Talent Intelligence

Digital Talent

Definition
Workers with the technology skills that drive digital products and transformation, such as software engineering, data science, cloud, and AI.

Why Digital Talent Matters

Every company becoming a technology company means competing for the same scarce people. Digital talent is the set of workers whose skills drive digital products and transformation, software engineering, data science, cloud, and AI, and it matters because these are among the hardest skills to hire and the most decisive for whether a transformation succeeds.

A traditional manufacturer decides to build connected products. The strategy is sound, but it now needs software engineers, data scientists, and cloud skills it has never hired for, competing against tech firms that pay more and move faster. Whether the transformation happens at all comes down to whether it can attract and build digital talent, which is a very different challenge from its historical hiring.
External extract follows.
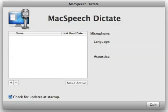Hello, and welcome to the MacSpeech Dictate instructional video about how to create a profile. How do you create a profile?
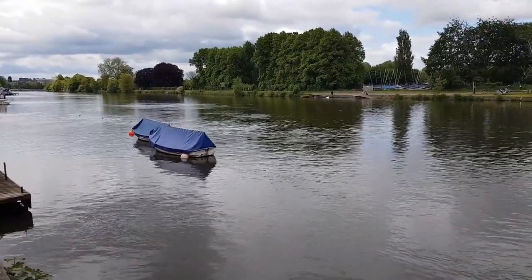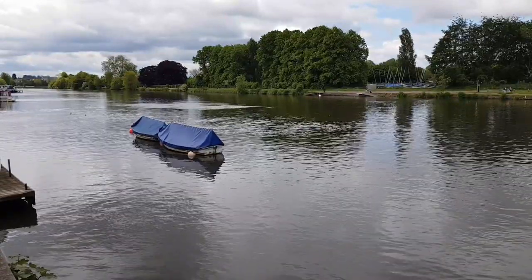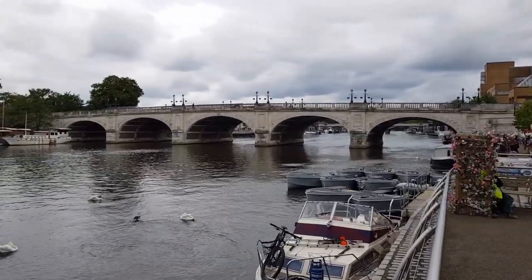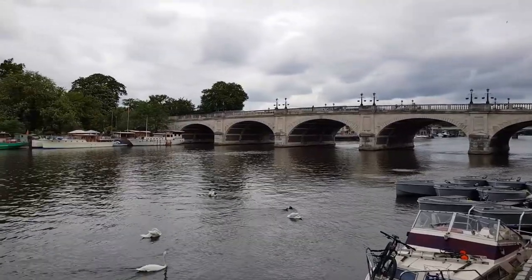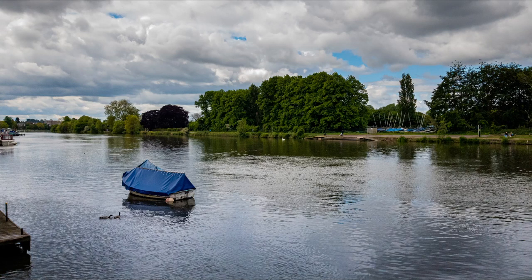I'm going to line it up and take the photograph. When I get back I'm going to edit it and show you exactly what it looks like and what I'm looking for.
The error is assuming digital talent can simply be bought on the open market like any other role. For the scarcest skills the market is too thin and too expensive to hire your way through, and the companies that win usually build as much as they buy, reskilling adjacent talent into digital roles. Treating it as purely a recruiting problem, rather than a build-and-buy one, is why many transformations stall, and why it connects directly to talent acquisition and reskilling.

The demand signal is unambiguous. The World Economic Forum's Future of Jobs Report 2025 ranks AI, big data, and cybersecurity among the fastest-growing skill categories through 2030, which is precisely the digital talent every sector is now competing for.

How Sourcing Digital Talent Works

Sourcing digital talent is a build-and-buy problem, because for the scarcest skills the market alone cannot supply enough. It starts with defining the skill precisely, since "data scientist" covers people who tune models and people who build dashboards, and hiring against the vague version wastes months. It means locating where that specific skill actually concentrates, which company types, which cities, which adjacent roles, rather than posting broadly and hoping. It means competing on more than pay, since tech-native employers often win on the work itself and the speed of their process. And it means building as well as buying, reskilling adjacent engineers into the scarce skill when hiring cannot keep pace.

The organizations that struggle treat it as pure recruitment, opening requisitions for skills the whole market is fighting over and losing every bidding war. The ones that succeed build a pipeline from adjacent talent they already employ, so they are not wholly dependent on a market that is structurally short.

What Counts as Digital Talent

Digital talent is a moving target, not a fixed list. A decade ago it centered on web and mobile development; today it leans heavily toward data, cloud, and AI skills, and it will shift again. The common thread is skills that build or run digital products and drive transformation, wherever the frontier currently sits. That is why defining digital talent by a static job-title list ages badly, while defining it by current, in-demand skills, refreshed as the market moves, keeps the definition useful for planning and sourcing.